__Instructions for the task__: Write out word for word the lines from the one holding "Close-up of BodyBio" through the end of the data, and only those lines. Pictures stay out.

__Data__:
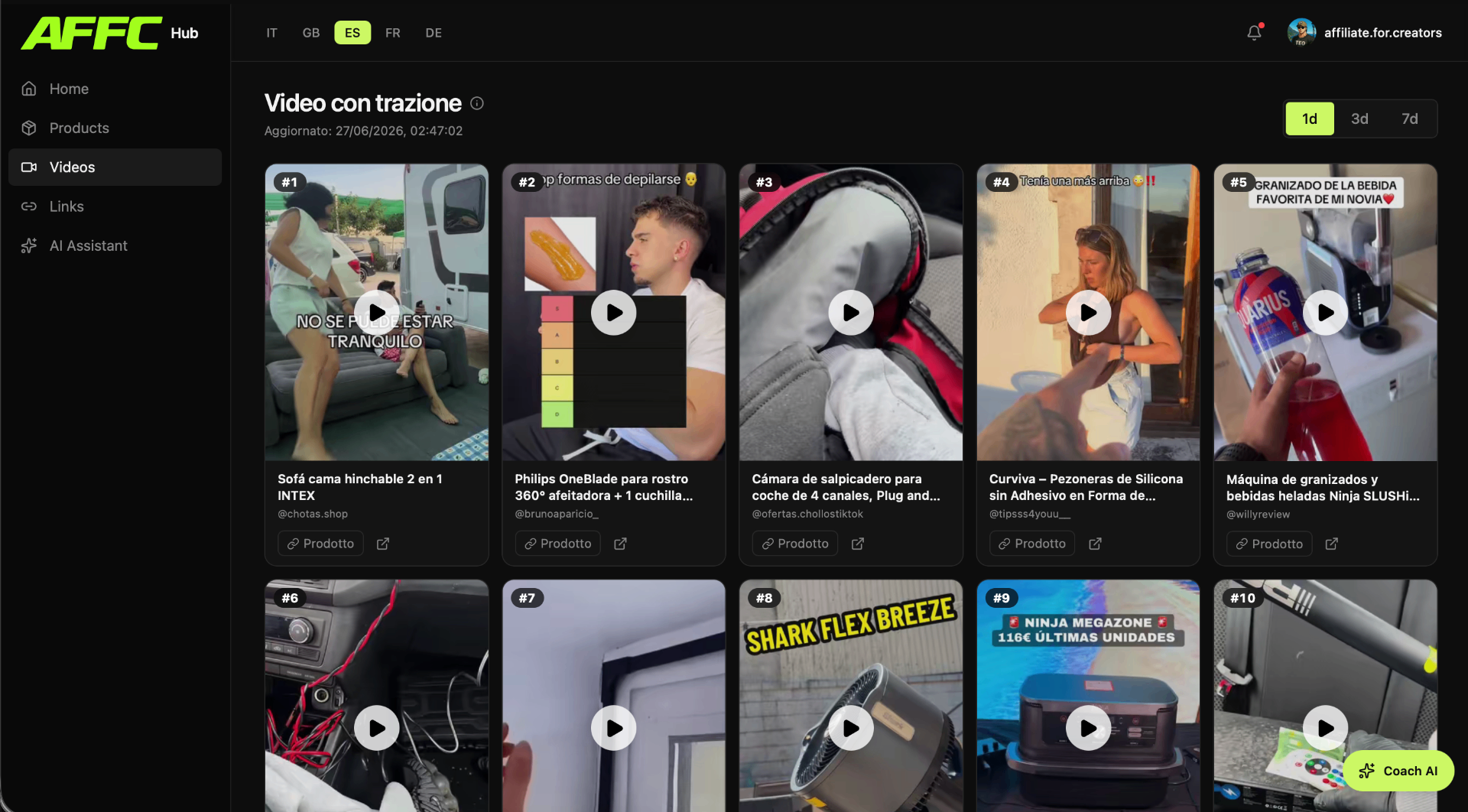 AFFC Hub — Video con trazione sul mercato ES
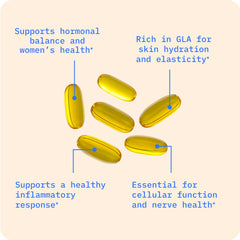Close-up of BodyBio Evening Primrose Oil softgels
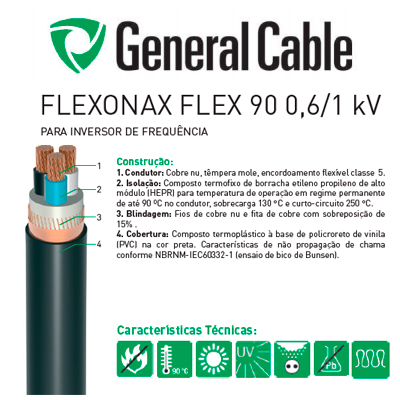 Foto do Produto FLEXONAX FLEX 90 0,6/1 kV PARA INVERSOR DE FREQUÊNCIA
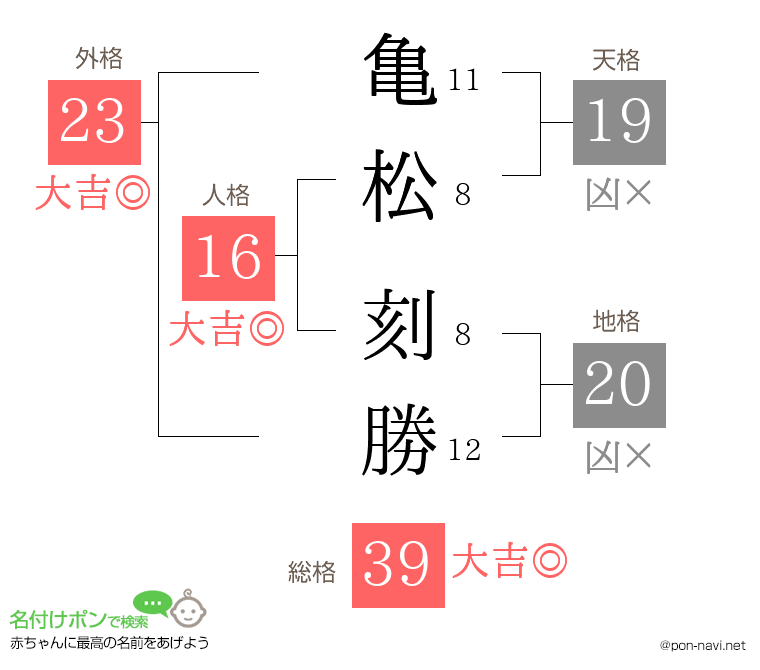 亀松 刻勝さんの姓名判断結果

__Exercise result__:
Close-up of BodyBio Evening Primrose Oil softgels
 Foto do Produto FLEXONAX FLEX 90 0,6/1 kV PARA INVERSOR DE FREQUÊNCIA
 亀松 刻勝さんの姓名判断結果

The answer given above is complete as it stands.